The class exposes Beamer and Pearl to every conflict from World War I to the war on terror. They read about Germans that died at the hands of Nazis in their own country. They hear lectures on the internment of Japanese Americans in concentration camps. They see video footage of a former American senator confessing to having accidentally killed innocent Vietnamese women and children in Vietnam. They learn about civilian casualties of war.
Then, they get to 2001, and they read in their Houghton Mifflin books:
"In January of 2002, Wall Street Journal reporter Daniel Pearl was senselessly killed in Pakistan, while doing his job. He left behind a wife who was seven months pregnant. Pearl represents the American work ethic. He sacrificed his life for the job. Daniel Pearl was a martyr."
Little Pearl is proud, as he should be. But something is missing from the above hypothetical hype. What about the dads murdered in Afghanistan and the widows left behind, victims of the other side of this war? What about the Afghan families destroyed? All those reported casualties from U.S. airstrikes are martyrs, too.
War unavoidably involves killing women and children. But those victims may not get credit from Houghton Mifflin. Professor Ambrose may not make baby Beamer and tiny Pearl memorize those names.
We cannot let that happen.
We must remember to keep a global perspective in interpreting the events of Sept. 11 and its aftermath.

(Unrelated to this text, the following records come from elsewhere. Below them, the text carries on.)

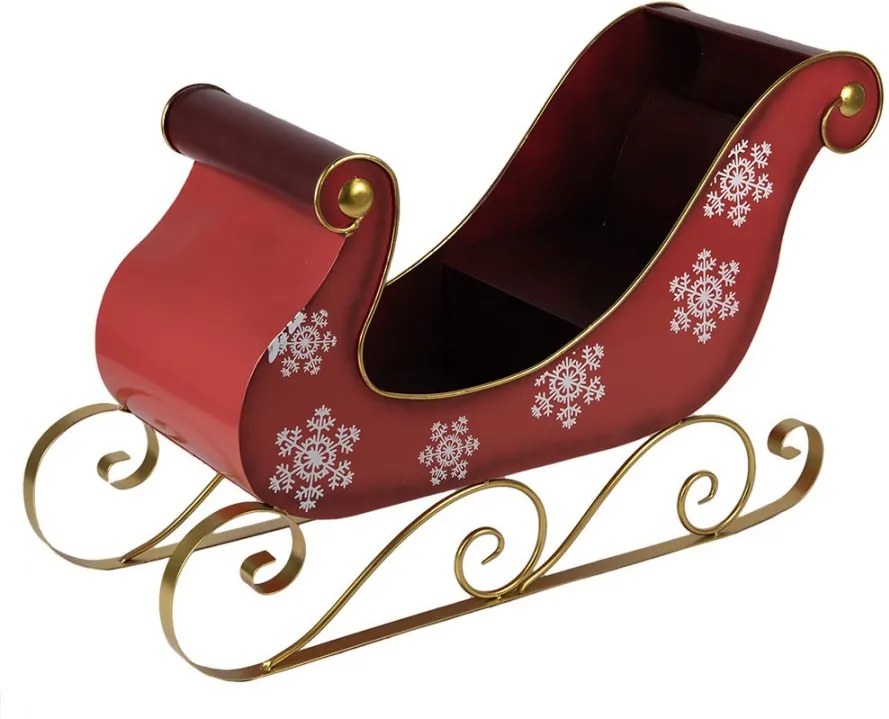 Veľké červené kovové sane Christmas Sleigh - 210*140*150 cm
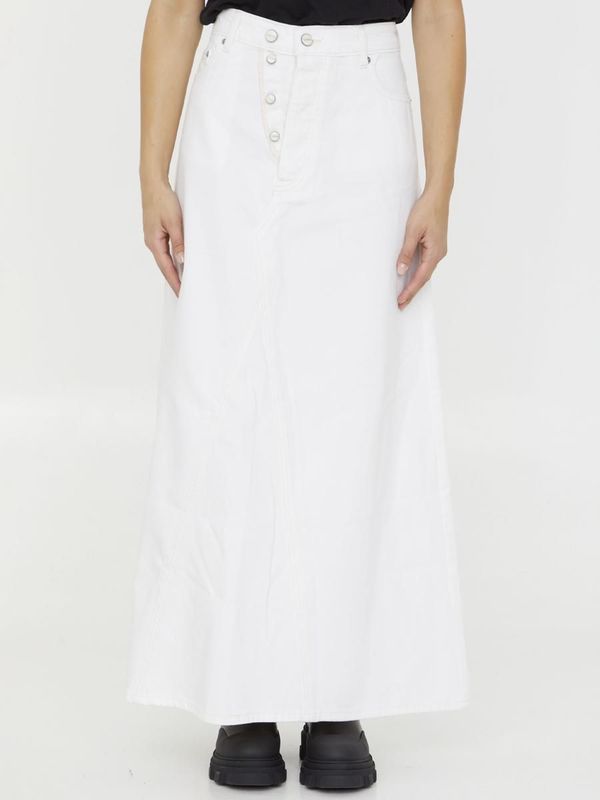THE DENIM MAXI SKIRT - CRISP WHITE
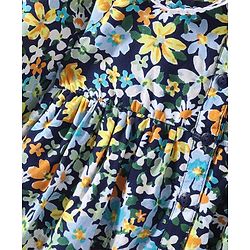 Babyhug Rayon Woven Full Sleeves Floral Printed Frock with Frill Detailing - Navy Blue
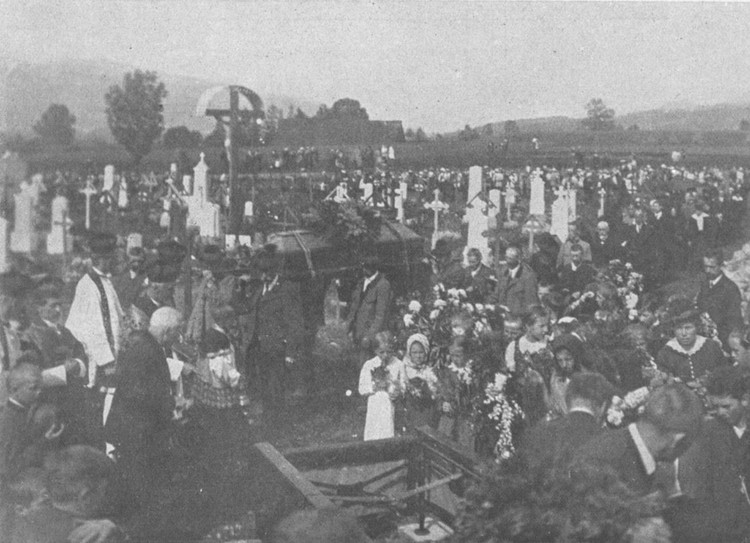 Das Begräbnis Peter Roseggers am 28. Juni 1918 auf dem Friedhof in Krieglach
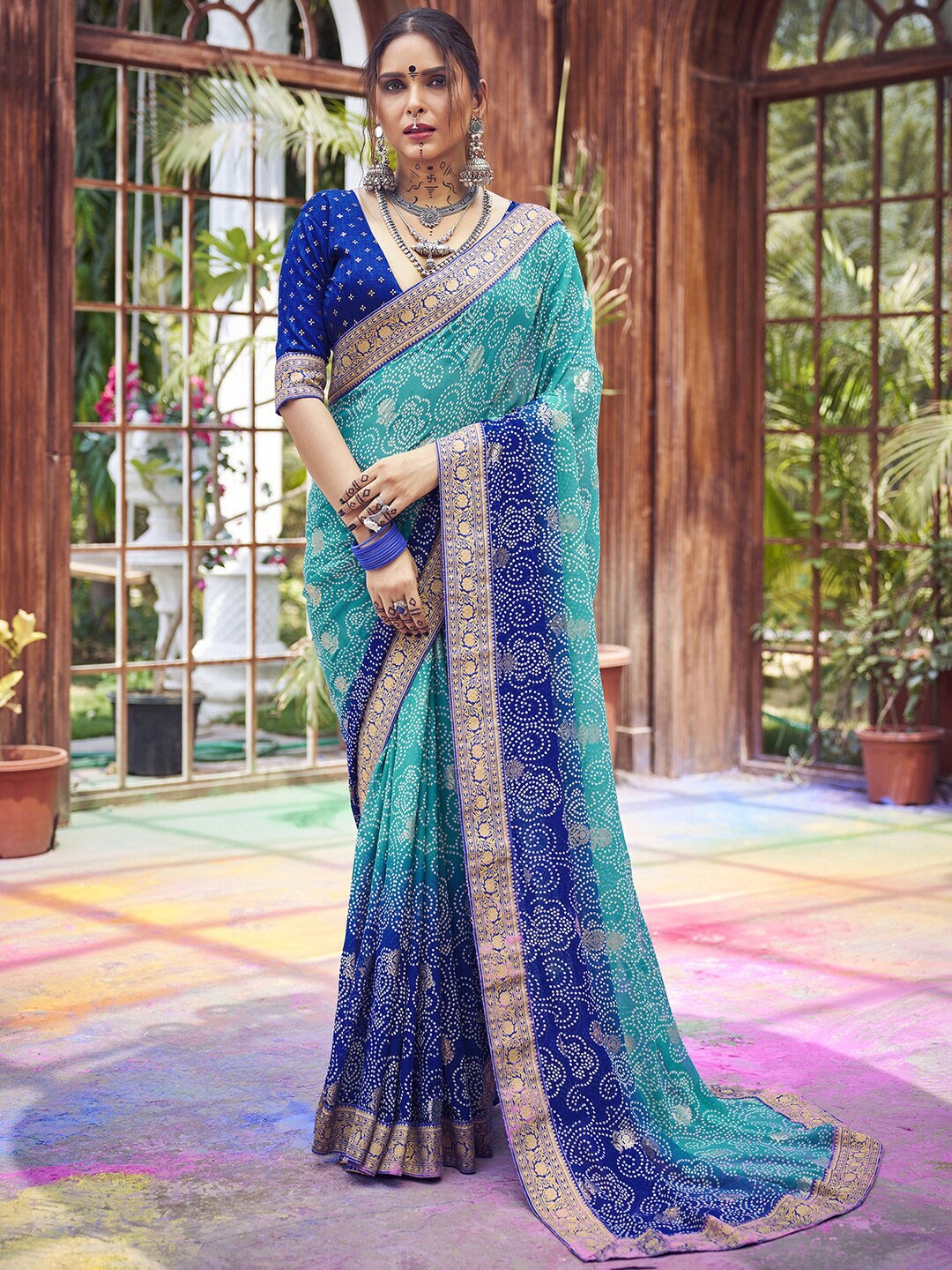 

Saree mall Bandhani Printed Poly Georgette Bandhani Sarees, Blue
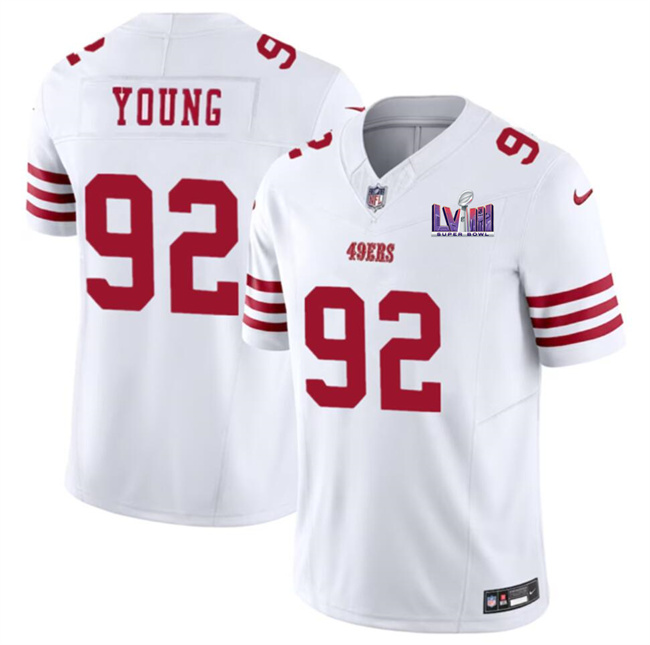Men's San Francisco 49ers #92 Chase Young White F.U.S.E. Super Bowl LVIII Patch Vapor Untouchable Limited Stitched Football Jersey Men's San Francisco 49ers #92 Chase Young White F.U.S.E. Super Bowl LVIII Patch Vapor Untouchable Limited Stitched Football Jersey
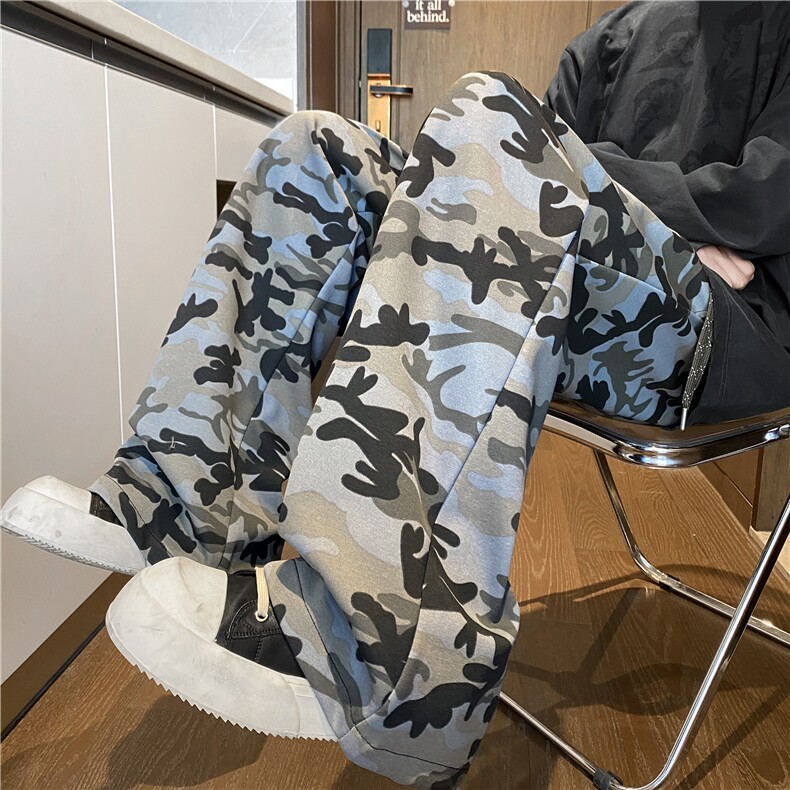 抖音品质迷彩印花潮流宽松运动休闲卫裤B315-K25830-特p35控68图片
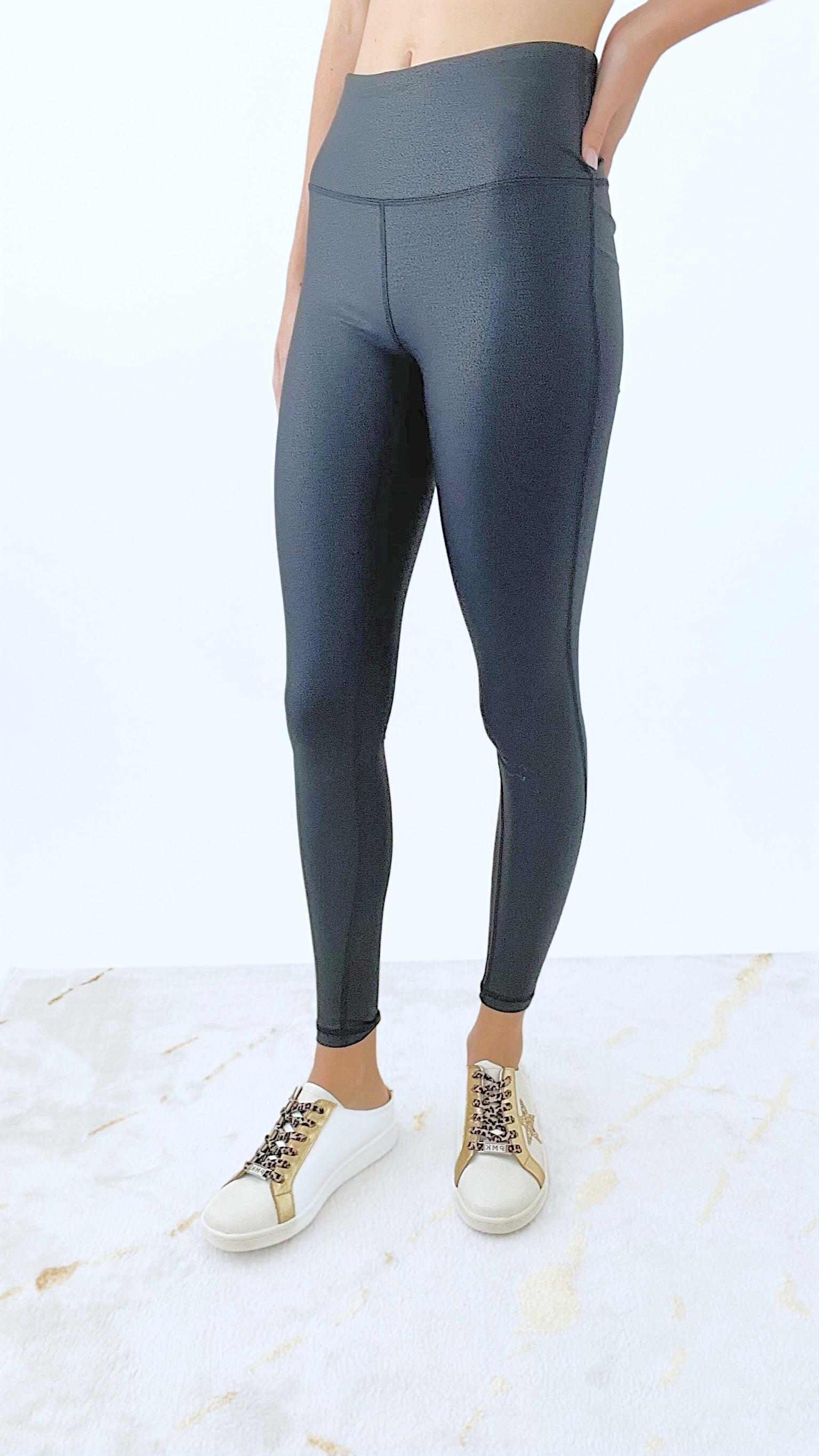 OG Foil Highwaist Leggings-170 Bottoms-Mono B-Coastal Bloom Boutique, find the trendiest versions of the popular styles and looks Located in Indialantic, FL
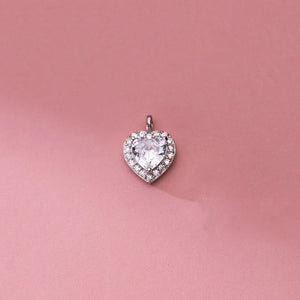 TrustDavis 925 Silver Romantic Heart CZ Pendant Necklace DIY Jewelry HY846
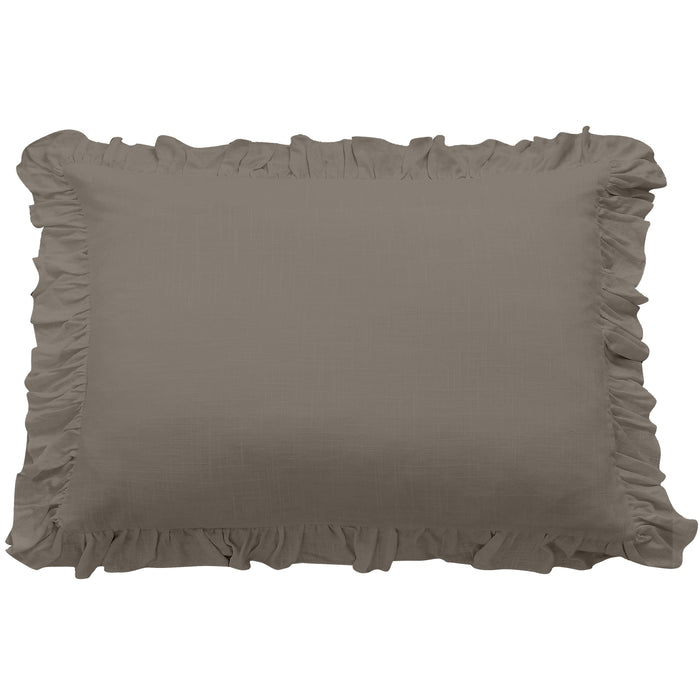 Lily Washed Linen Ruffle Dutch Euro Pillow Taupe Pillow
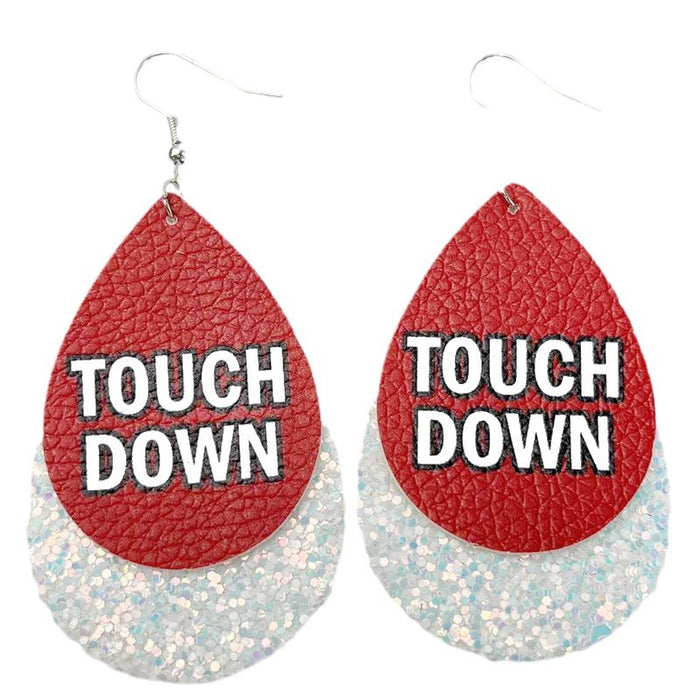 Sports Glitter Leather Earrings with School Spirit Double Layer Design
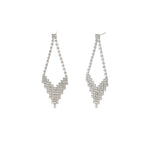 Kite Crystal Studs Silver Tone, White Crystal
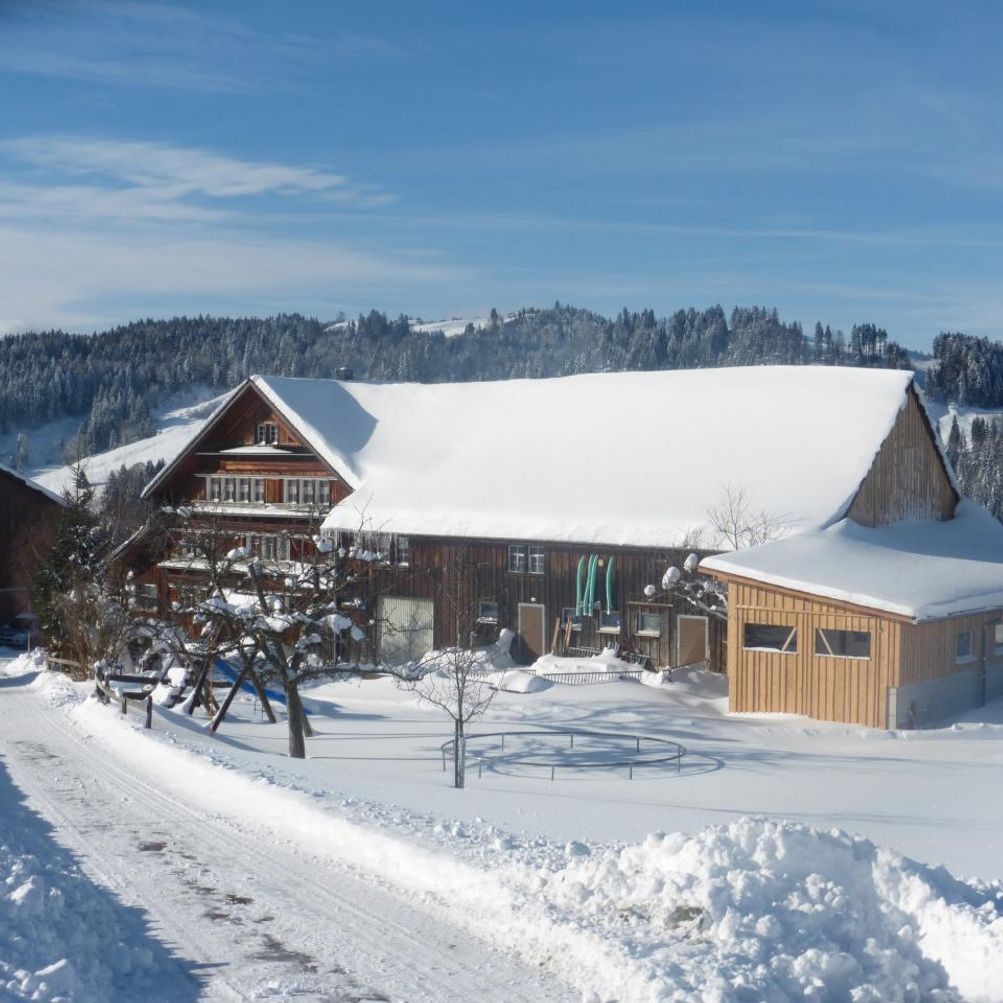 Hemberg in Switzerland - a house with snow on the ground.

And we must look beyond Pearl and Beamer in recording those interpretations for posterity. Surely, the two men deserve mention and explanation. However, innocent people are dying on both sides of this war -- just as they did in World War II and in Vietnam. We have to capture the full image.
Works of history are rife with fallacies and omissions. Some historians tune in to only one or two perspectives -- leaving behind biased accounts. Several scholars usually preside over any compilation but that does not always guarantee a complete spectrum. Thorough historical analyses take a whole lot of time, research and energy. Cutting corners can cut out what really happened, as was the case when historians used to portray slaves as lazy Sambos rather than brave patriots -- like Pearl and Beamer -- who fought and died during the Civil War. We can not afford to make the same mistake when talking about the Afghans in 20 years. The global understanding that we preach will buckle if we offend or misrepresent.
The text should read:
"In January of 2002, Wall Street Journal reporter Daniel Pearl was senselessly killed in Pakistan, while more than 100 civilian Afghans were mistakenly killed in their own country a few months earlier. Thousands of innocent victims lost their lives on Sept. 11, and central Asia lost many of its own during the ensuing battle. Men and women on both sides, who were going about their daily routines -- typing memos, shopping and talking to loved ones -- died. American and Afghan lives were lost in the name of freedom."
There are more characters in this plot than Pearl and Beamer. Hopefully, Pearl's colleagues -- in continuing his work -- will retrieve the names of foreign locals who perished. They should be recognized in the textbooks, next to Pearl. Those lost in the towers, the Pentagon and abroad deserve paragraphs, too.
As undergraduate and graduate students at one of the nation's best universities, we're the ones who will decide what goes down in the books. We'll be the professors and publishers in 2020 when the children of Sept. 11 take on the world for themselves. It's up to us to remember all sides of this story. As a scrupulous, fair journalist, that is what Danny Pearl would have wanted. Aliya Sternstein is a senior Psychology major from Potomac, Md.